There are many case laws related to obscenity in India. Like many other concepts and conventions, the meaning of obscenity changes from case to case. Some famous example and recent examples of Obscenity mentioned below:
- Milind Soman, a youth icon, actor and model, recently posted a picture of himself on his Twitter handle in which he is running nude on the Goa beach in the state to mark his birthday with a Caption – Happy Birthday to me, 55 and running. He was arrested by the Goa Police under section 294 of IPC for promoting the obscene act in a public place and also section 67 of Information and Technology act for publication of obscene content on the social media but according to him, he was promoting his fitness. (see here)

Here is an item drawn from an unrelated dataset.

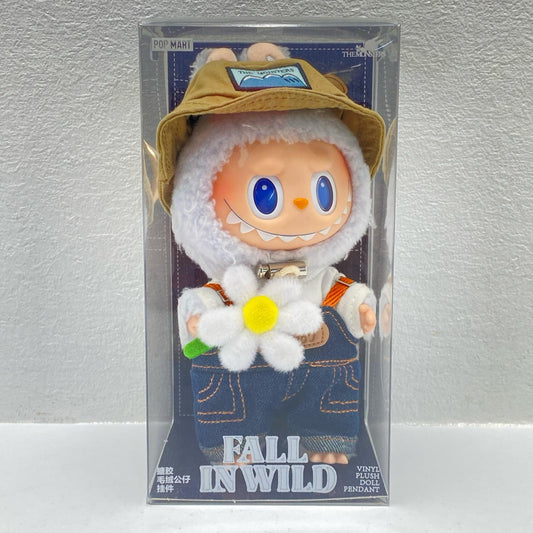 POP MART THE MONSTERS FALL IN WILD ぬいぐるみペンダント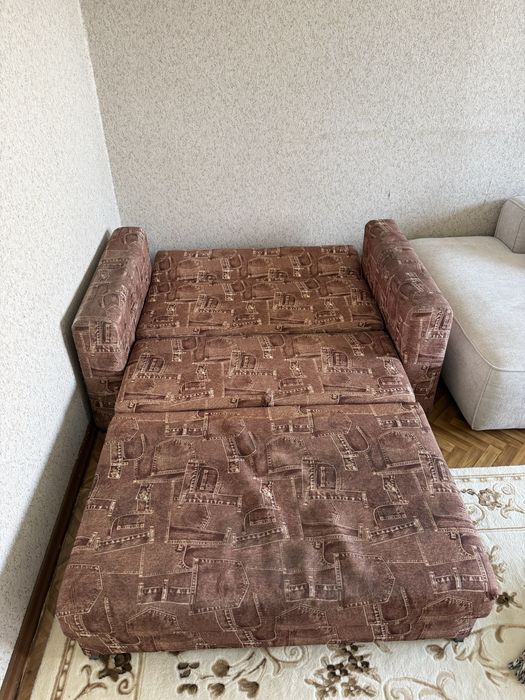 Раскладной диван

- Recently, the Goa Police had arrested actor and model Poonam Pandey and her Husband for allegedly trespassing on government property and shooting an objectionable video at a dam in South Goa.
- In 2018, there was a case relating to obscenity AIB Roast Obscenity case, in which, many Bollywood celebrities like Ranveer Singh, Arjun Kapoor, Deepika Padukone and famous director Karan Johar and many others were accused in an obscenity case.
Some famous Landmark Judgment related to Obscenity are mentioned below:
- Aveek Sarkar v. State of West Bengal (see here) in this case a German Magazine published a photograph of Boris Becker, a renowned tennis player, posing nude with his fiancée Barbara Feltus, an actress covering her breasts with his hand. The picture was taken by Feltus’ father. The article that contained this image was republished in the Indian newspapers and magazine. After this, a complaint was filed against the newspaper under Section 292 of IPC. But the Supreme Court of India ruled that the half-nude image of Boris Becker with his fiancée was not obscene, after applying the community standard test, and the reason is that the image is not obscene because it did not excite sexual passion or to deprave or corrupt minds of people.
- Ranjeet D. Udeshi v. State of Maharashtra 1964 (see here) In this case, Ranjeet D. Udeshi is one of the owners of the bookstall. At that time, there was a book named Lady Chatterley’s Lover (see here) which was banned because the book had some obscene content and he found some copies of the book. He was guilty under Section 292 of IPC, in his appeal in the highest Court he contended that: (1) the section was void because it violated the freedom of speech and expression guaranteed under Article 19(1)(a) of the constitution of India. (2) even if the section was lawful, the book was not obscene content. (3) it must be pointed out by the plaintiff that he sold the book with the motive to corrupt the buyer and that he knew that the book was not obscene.
- Bobby Art International v. Omphal Singh Hoon 1994 (see here)
The word obscenity is from one of those words whose meanings are vague or not clear in our Indian Law. What is obscene content or not totally depends upon the lawyers and the judges and how they interpret the word obscene. It is true that the definition of word obscenity would change from time to time. What is obscene in the present day should not be treated as obscene in the future. We know laws have to change from time to time but there is a need for a proper definition of obscenity. It is too important to mention in the present time the appropriate degree of obscenity in movies, web shows, arts, images or pictures, literature, has not yet been defined in our country.
In our country, where multiple religions and cultures exist, there is bound to conflict among them. When these types of issues relating to someone’s culture or religion are touched and the artists express their ideas or views over these types of sensitive issues, they should not be intercepted merely because these are serious issues and they might hurt the sentiment of certain groups or communities. All the works relating to art, literature, etc. do not generate hatred among the people. Sometimes it is necessary to educate the people in a manner which is subtle and gentle to reduce the tension in our society.